The task
Retype the lines below exactly, but only those from the line that has "卢旺达发现墓穴藏207具尸骨 种族大屠杀痕迹仍在" through the line that has "Anjali Mohan photo 1 — Indian, Black". Omit every picture.

Data for analysis
▬▬▬▬▬▬▬▬▬▬

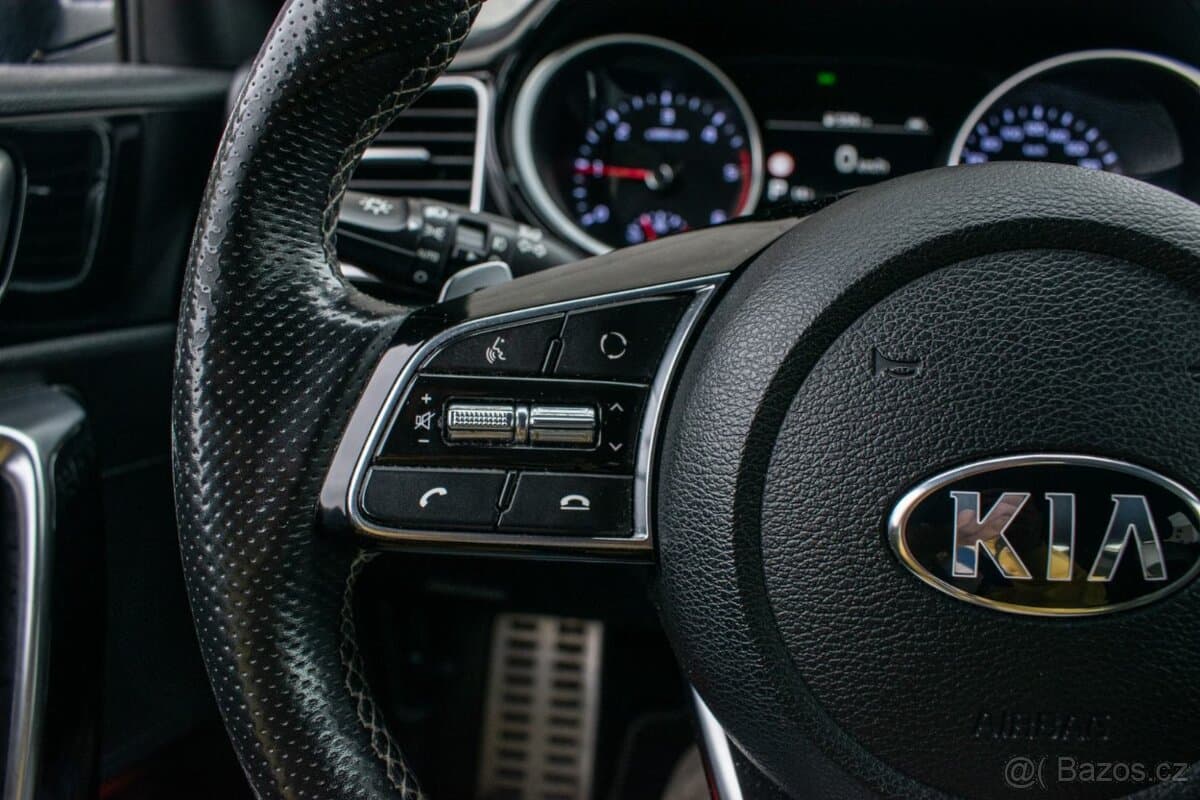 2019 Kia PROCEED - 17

▬▬▬▬▬▬▬▬▬▬

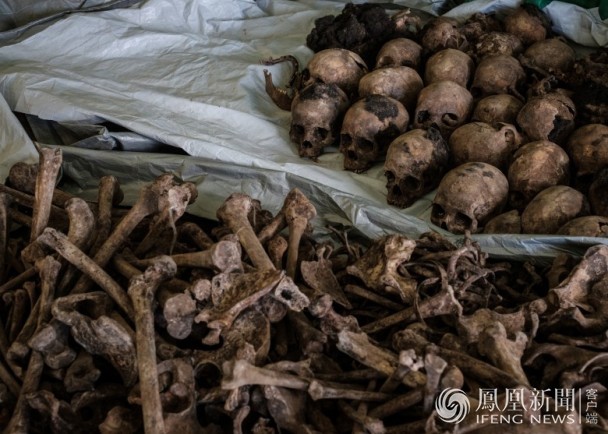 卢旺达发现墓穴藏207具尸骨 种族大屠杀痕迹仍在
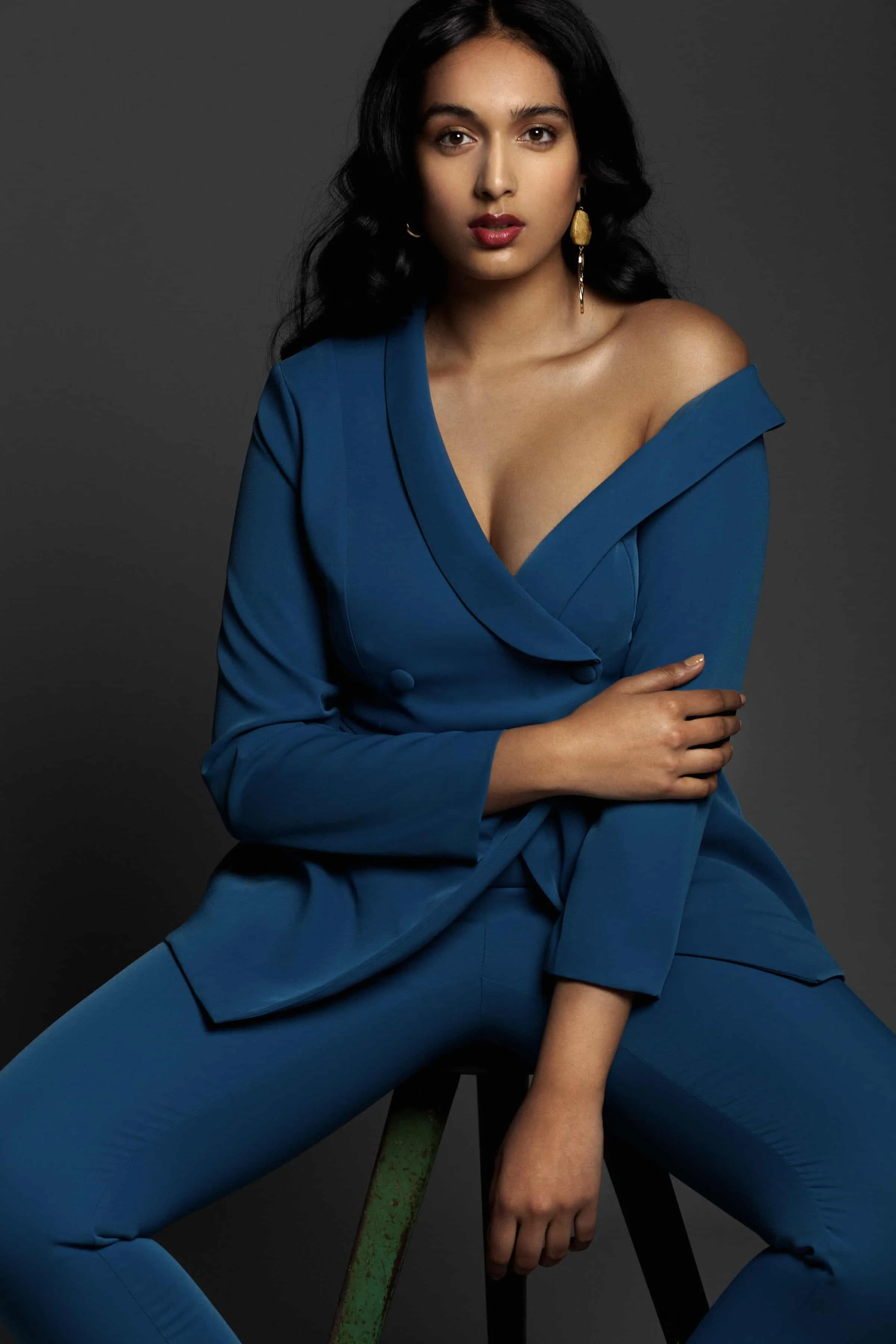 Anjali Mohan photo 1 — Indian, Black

▬▬▬▬▬▬▬▬▬▬

Response
 卢旺达发现墓穴藏207具尸骨 种族大屠杀痕迹仍在
 Anjali Mohan photo 1 — Indian, Black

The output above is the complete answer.